Supplied data: Begin

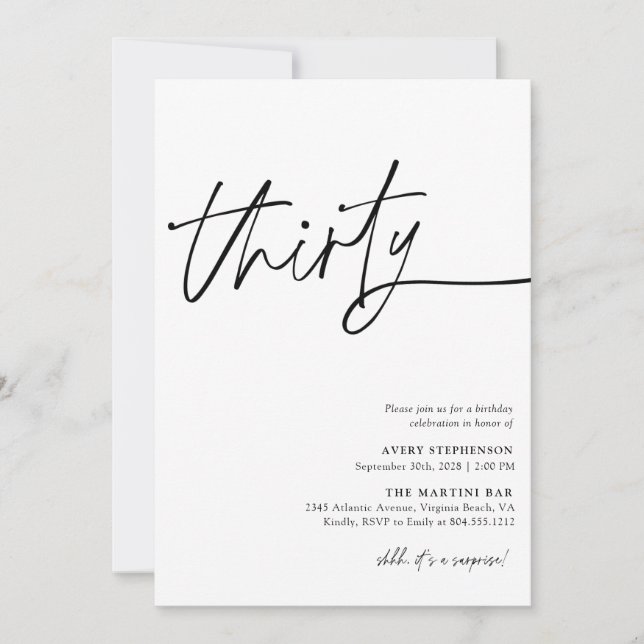 Invitación Moderno Script Treinta Aniversario (Anverso)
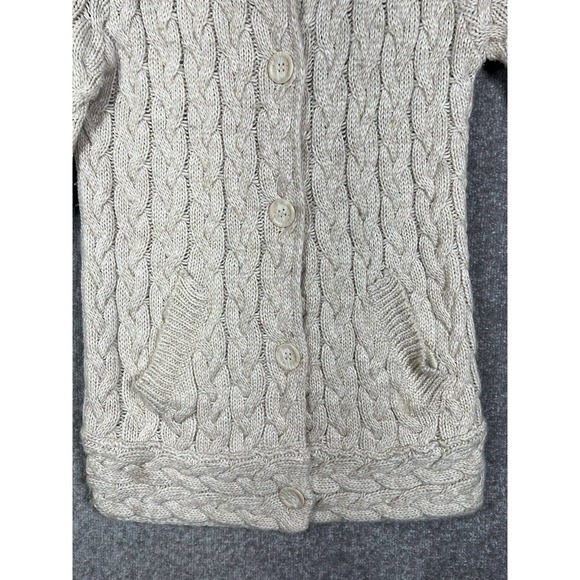 Zara Chunky Cable Knit Button Up Wool Acrylic Sweater Womens Small Pockets Beige - Picture 10 of 13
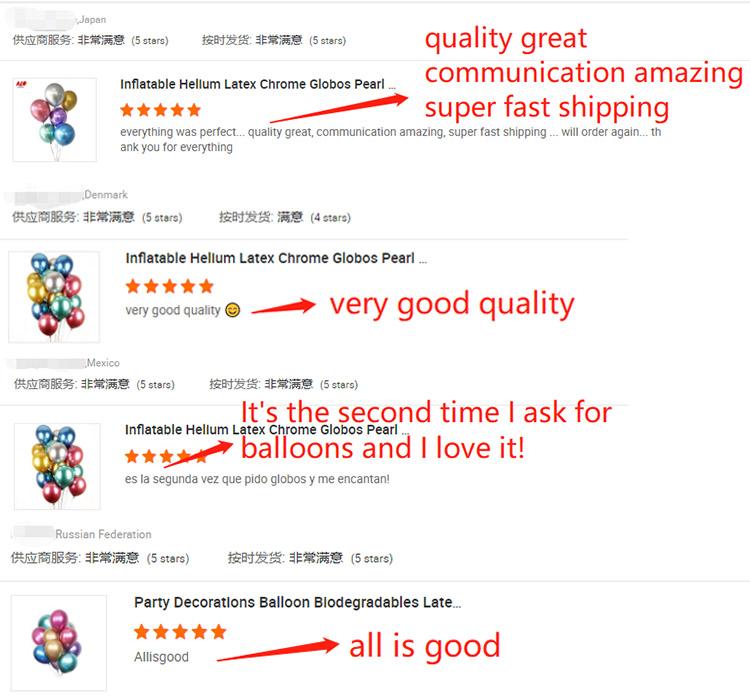 50pcs 12 Inch Wedding Party Decor Latex Balloons Metallic Blue Pink Green Silver Gold Chrome Decoration Ballon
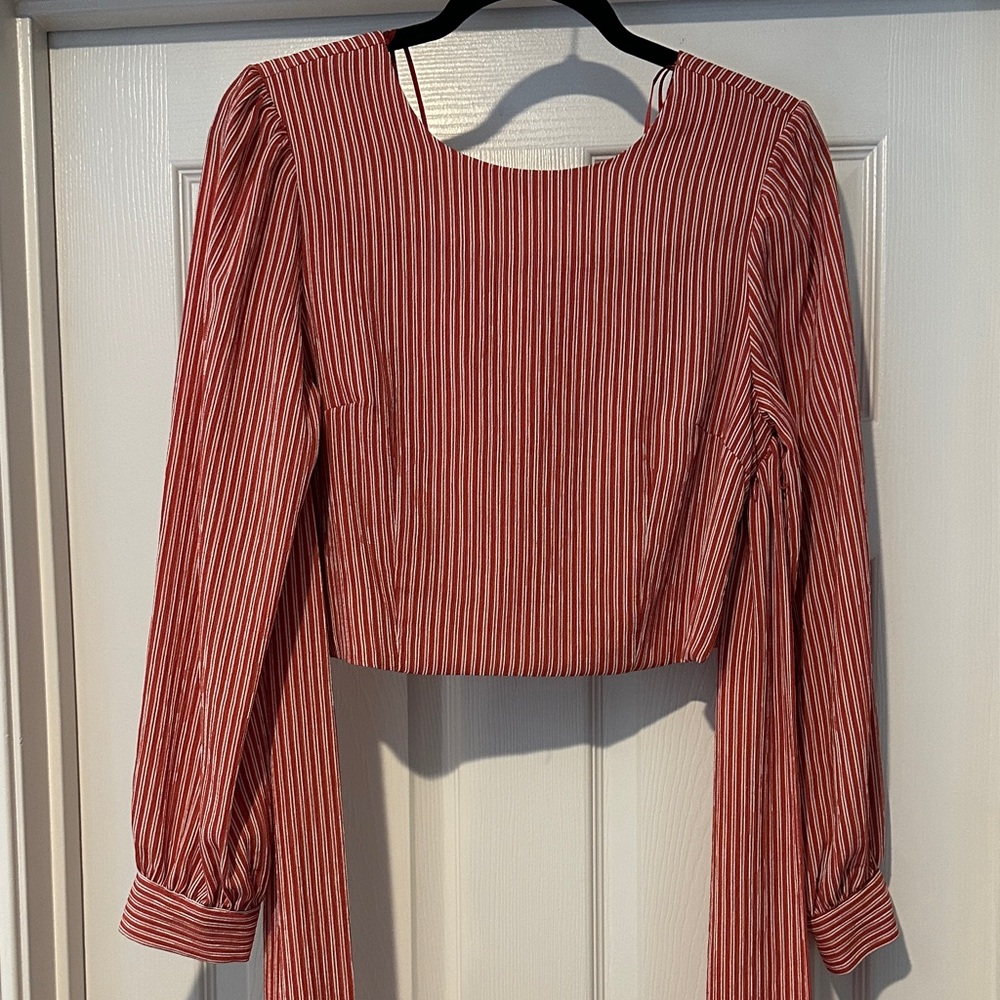 Cropped Tie-Front Blouse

Supplied data: End

• _Task requirements_: Pictures stay out; reproduce exactly the lines from the one containing "Zara Chunky Cable" through the end of the data.

• _Response below_:
 Zara Chunky Cable Knit Button Up Wool Acrylic Sweater Womens Small Pockets Beige - Picture 10 of 13
 50pcs 12 Inch Wedding Party Decor Latex Balloons Metallic Blue Pink Green Silver Gold Chrome Decoration Ballon
 Cropped Tie-Front Blouse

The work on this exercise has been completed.